Some of Jupiter’s icy moons are thought to harbour liquid water underneath their predominantly water-ice surfaces – potentially providing an environment for some form of life to have evolved. In the mid-1990s, NASA’s Galileo probe provided hints of such a water ocean on Ganymede and, more convincingly, Europa.
Further evidence came in 2015 from Hubble Space Telescope observations of Ganymede’s aurorae, which are created by its magnetic field similar to how Earth’s geomagnetism produces the aurorae borealis and australis.
One of the most conclusive tests of the ocean theory will come from topographical maps made by JUICE’s laser altimeter. Because Ganymede moves slightly closer to and farther from Jupiter during its weekly orbit, and because it experiences the gravitational pull of the other moons, it stretches and compresses under tidal forces.

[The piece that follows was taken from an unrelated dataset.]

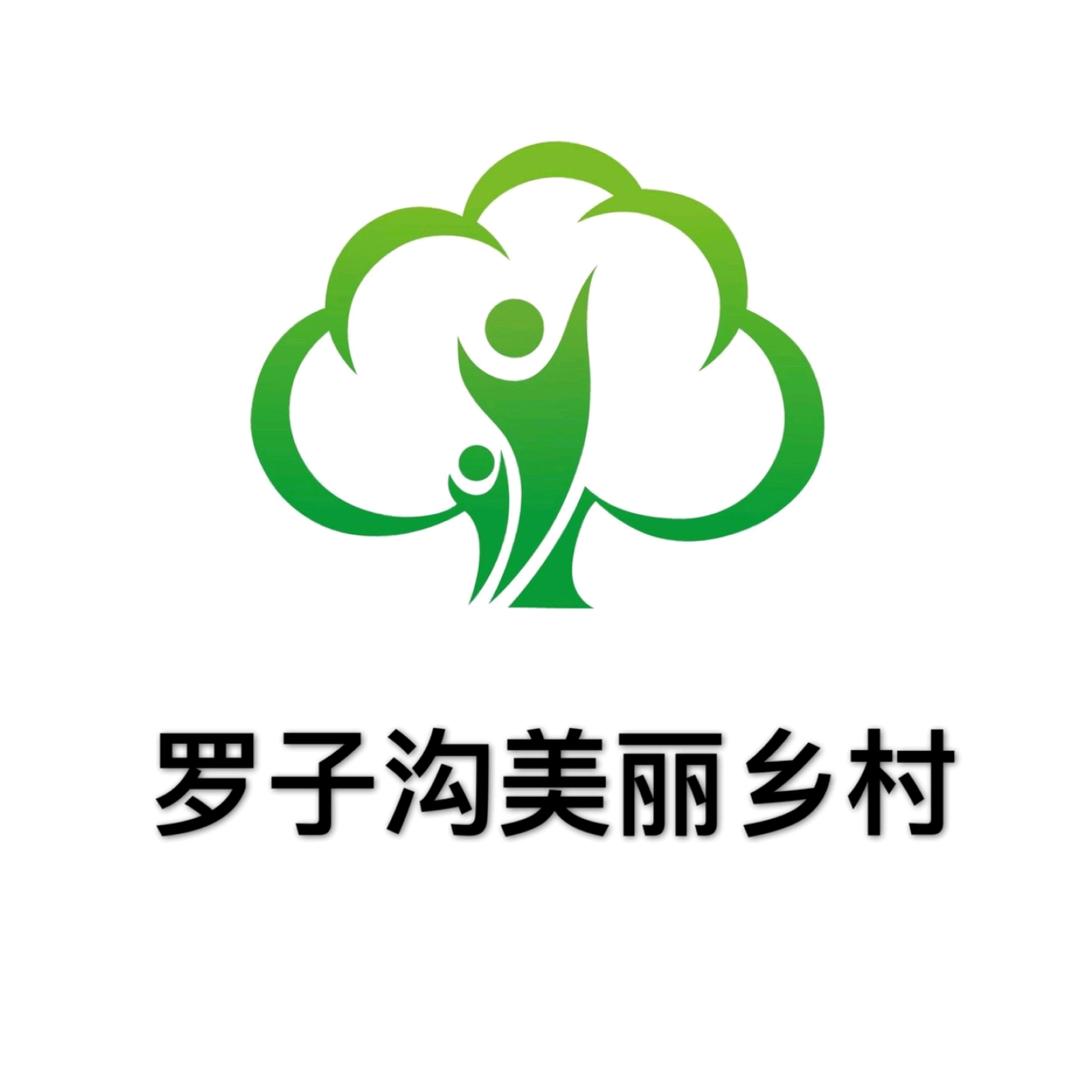罗子沟美丽乡村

On a water world with an ice crust, such deformations might make the surface swing up and down by as much as 10 metres, says JUICE project scientist Olivier Witasse, who is based at the ESA in Noordwijk. “If it’s only a solid tide, it would be less than a metre,” he adds.
Loaded with 3.5 tonnes of propellant, JUICE weighs nearly six tonnes. On its journey, it will deploy 85 square metres of solar panels – the bare minimum for operating around Jupiter, where solar energy is only four per cent as powerful as on Earth.
JUICE will also deploy a plethora of booms and antennas for its 10 onboard instruments, which were built by teams in France, Germany, Italy, the Netherlands, Sweden and the United States. As well as mapping the icy moons’ surfaces, these instruments will also study the chemistry of the satellites’ thin atmospheres, Jupiter’s strong magnetic field and radiation belts, and more.
By the time JUICE and Europa Clipper arrive, Juno will have long exhausted its propellant and ended its mission. But researchers are excited at the prospect of having two probes in the system at the same time, which could enable simultaneous measurements of Jupiter’s magnetic field at two locations, says Cynthia Phillips, a planetary geologist at NASA’s Jet Propulsion Laboratory in Pasadena, California, who is on the Europa Clipper team.
“These and other synergistic observations are being studied by a joint JUICE-Clipper steering committee,” says Phillips. Both missions are scheduled to end with a controlled crash landing on Ganymede’s surface. The one that lasts the longest might observe the other’s impact up close.